Given K numbers $n_1, \, \ldots \,, n_k$ s.t. $0 \leq n_i \leq b$
How many ways are there to write the numbers $n_1$ to $n_k$ such that they are descending. (Descending here is used in the analysis sense)
Given $k=4$ and $b=4$ we could say that:
$0000$ is descending
$3321$ is descending
yet $2321$ is not.
I know this is a combinatorics problem and I have encountered solutions for strictly descending, but not descending.
Thank you in advance for any help.
On
For $n_1$, we can choose any number between $0$ and $b$ (inclusive). For $n_2$, we can choose any number between $0$ and $n_1$ (inclusive), and so forth. This structure suggests dynamic programming.
Let $f(a,b,k)$ be the number of ways to choose a descending a sequence of length $k$ with numbers between $a$ and $b$ (inclusive). By the above argument, $$ f(a,b,k)=\begin{cases} 1 & \text{if }k=0\\ f(a,a,k-1)+f(a,a+1,k-1)\cdots+f(a,b,k-1) & \text{if }k\geq1. \end{cases} $$
Next, note that $f(a,b,k) = f(0,b-a,k)$ and hence it is sufficient to check the case of $a=0$.

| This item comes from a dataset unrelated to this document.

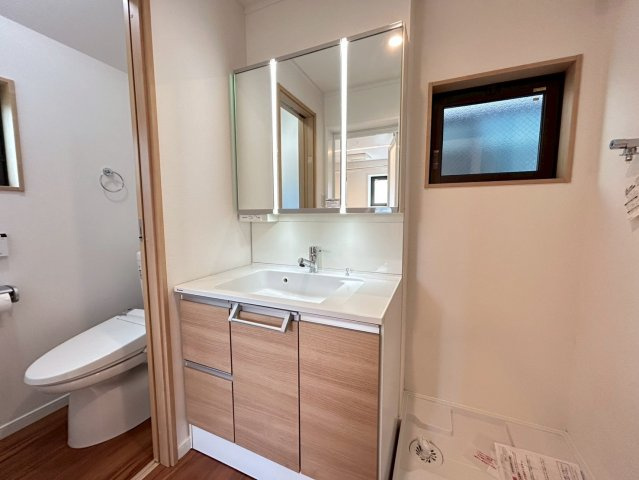 杉並区高円寺南3丁目　中古戸建の独立洗面台|三面鏡の裏には収納が付いているため、スムーズに身支度が完了します！

ご内見希望・資料請求などお気軽にお問い合わせ下さい！
03-5990-5201
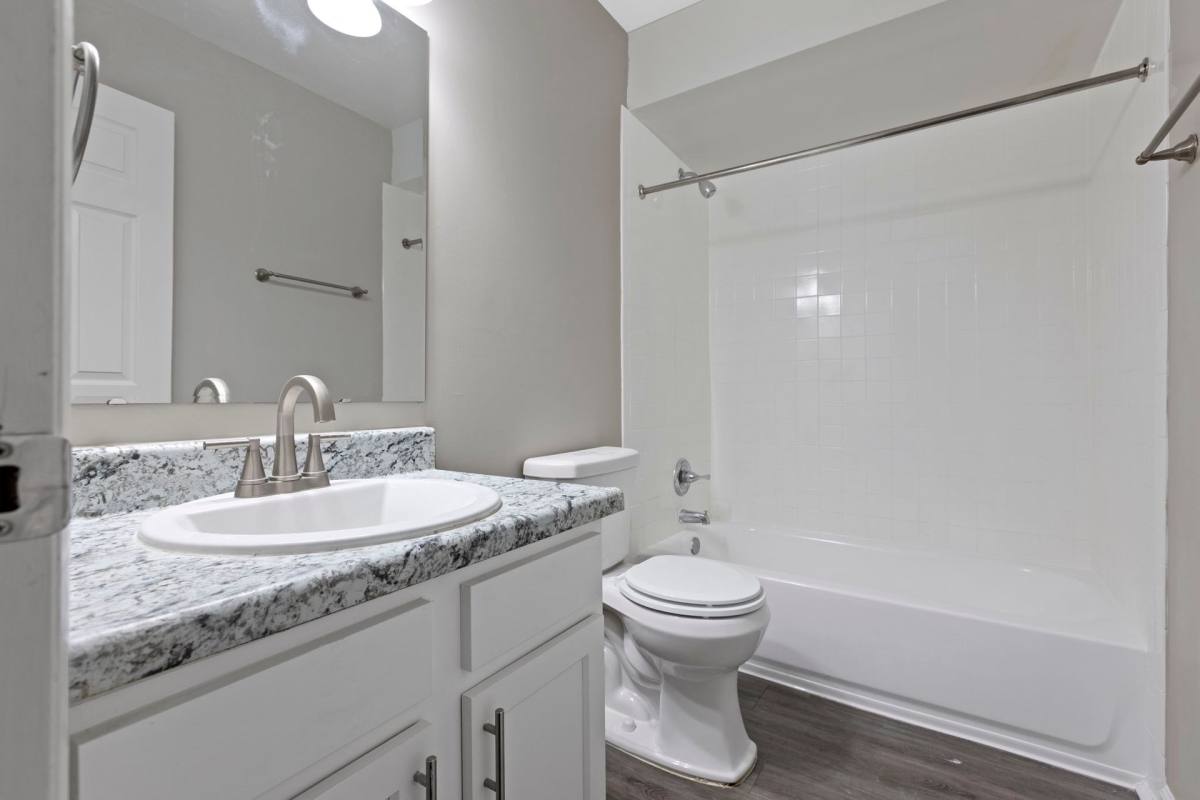 Apartment for rent at 5421 Calder Way, Indianapolis, IN 46226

Lastly, you can verify that $f(0,b,k) = \binom{b+k}{b}$ by induction.
Notice that such a string is completely determined by how many times each digit appears in the string. For instance, if we have a descending string of length $6$ consisting of three $3$s, two $2$s, and one $1$, then it must be $333221$ since there is only one way to arrange the digits in descending order.

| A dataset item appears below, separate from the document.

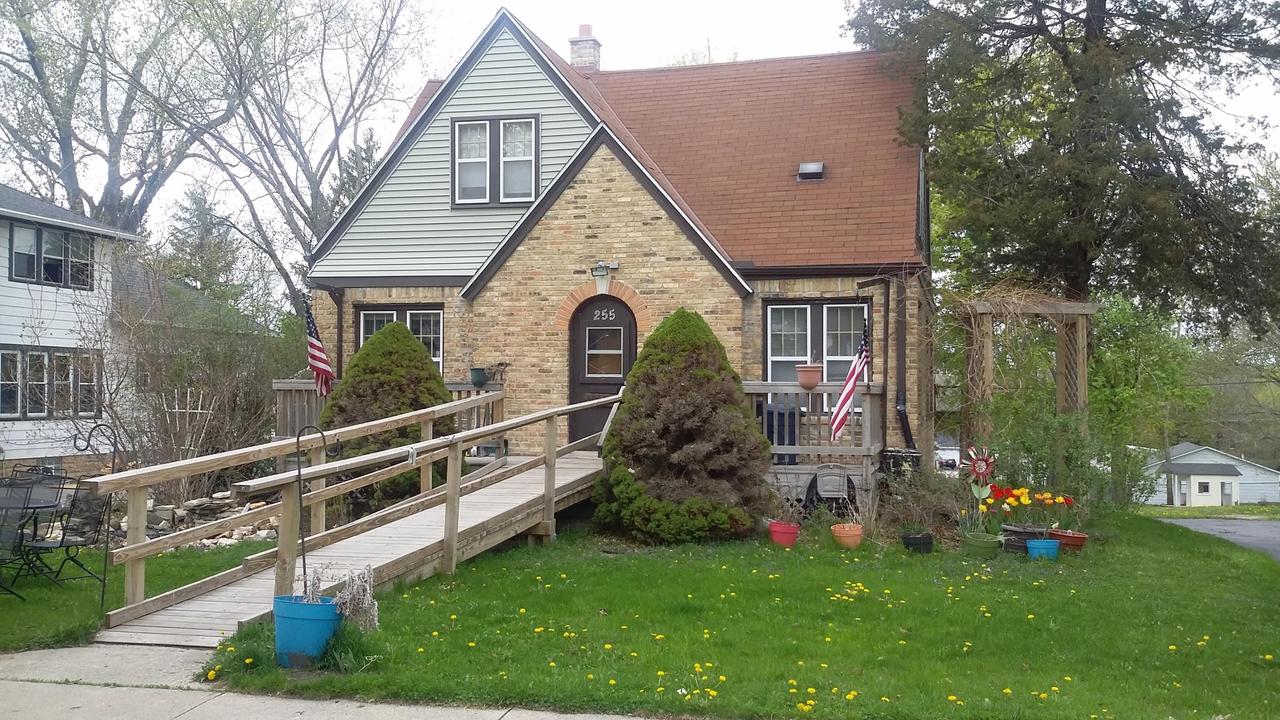 255 Main St, Pewaukee, WI 53072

Let's consider the concrete example of the number of strings of length $12$ that can be formed using the decimal digits. Let $x_i$, $0 \leq i \leq 9$, be the number of times the digit $i$ appears in the string of descending decimal digits. Since there are a total of $k$ digits in the string, $$x_0 + x_1 + x_2 + x_3 + x_4 + x_5 + x_6 + x_7 + x_8 + x_9 = 12$$ which is an equation in the nonnegative integers. A particular solution of the equation corresponds to the placement of nine addition signs in a row of twelve ones. For instance, $$1 1 + 1 + + + 1 1 1 + 1 + + 1 1 1 1 + 1 +$$ corresponds to the solution $x_0 = 2$, $x_1 = 1$, $x_2 = 0$, $x_3 = 0$, $x_4 = 3$, $x_5 = 1$, $x_6 = 0$, $x_7 = 4$, $x_8 = 1$, $x_9 = 0$ and the string $877775444100$. The number of such solutions is the number of ways we can place nine addition signs in a row of twelve ones, which is $$\binom{12 + 9}{9} = \binom{21}{9}$$ since we must select which $9$ of the $21$ positions required for twelve ones and nine addition signs will be filled with addition signs.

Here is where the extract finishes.